Recent developments show a field in flux
A new data set of middle- and upper-stratospheric temperatures based on reprocessing of satellite radiances provides a view of stratospheric climate change during the period 1979–2005 that is strikingly different from that provided by earlier data sets. The new data call into question our understanding of observed stratospheric temperature trends and our ability to test simulations of the stratospheric response to emissions of greenhouse gases and ozone-depleting substances.
What was wrong with the original processing of the satellite data? Nobody knows:
The methodology used to generate the original Met Office SSU data remains undocumented and so the climate community are unable to explain the large discrepancies between the original Met Office and NOAA SSU products highlighted here.
Shades of the Climategate “Harry read me” file, and this was only just discovered.

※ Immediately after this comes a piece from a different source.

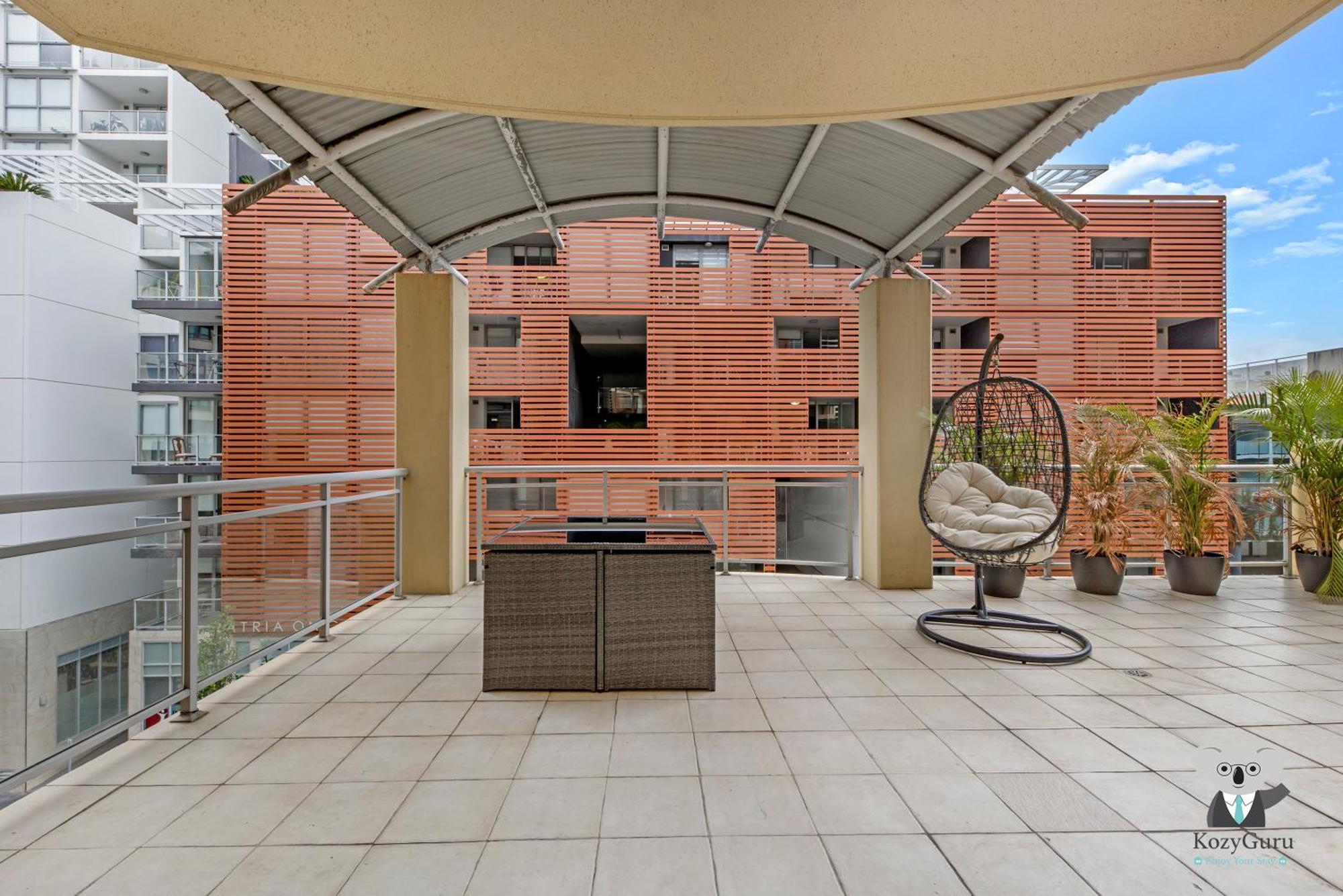 Kozyguru Parramatta 3 Beds Apt Npa033 Sydney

All the modelers have been using bogus data to try to calibrate their models. Go back to square one guys.
Another recent paper gives a taste of just how preliminary present theorizing about ozone and climate is. “Ozone depletion trumps greenhouse gas increase in jet-stream shift,” say researchers at Penn State. Okay, so they think ozone (and hence the sun) is a player, but wow, look at their methodology. It’s pure data sifting in search of relationships to examine:
Lee and her colleague, Steven Feldstein, professor of meteorology, developed a new method to distinguish between the effects of the two forcings. The method uses a cluster analysis to investigate the effects of ozone and greenhouse gas on several different observed wind patterns.
Nothing wrong with data sifting. This is how scientists get leads, but it is the mark of a field that is in its infancy, at least in terms of figuring out the more complex relationships. In such a circumstance it is grossly inappropriate for the IPCC and NCAR to be making extravagant claims about what can’t be happening, especially when they are claiming to exclude something that simple logic says probably will happen (that jet stream shifts will affect net cloud formation), and even more especially when the paleo-evidence indicates that some such thing is happening.
It’s anti-science all the way down
In sum, the IPCC authors do pretty much exactly the same thing with solar UV in chapter 11 as they do with GCR in chapter 7. They look at one snapshot of how the UV shift might affect climate and very prematurely declare that it would only have a negligible effect on global temperature. In the process there is no mention of the IPCC’s earlier admission of strong paleo-evidence for some substantial mechanism of solar amplification and they proceed as if this evidence does not exist, making no attempt to give it any weight in their predictive scheme.
Theory (their truncated theory of UV-shift effects) is used to dismiss evidence. That is not science, it is anti-science, and the IPCC has been very consistent about it.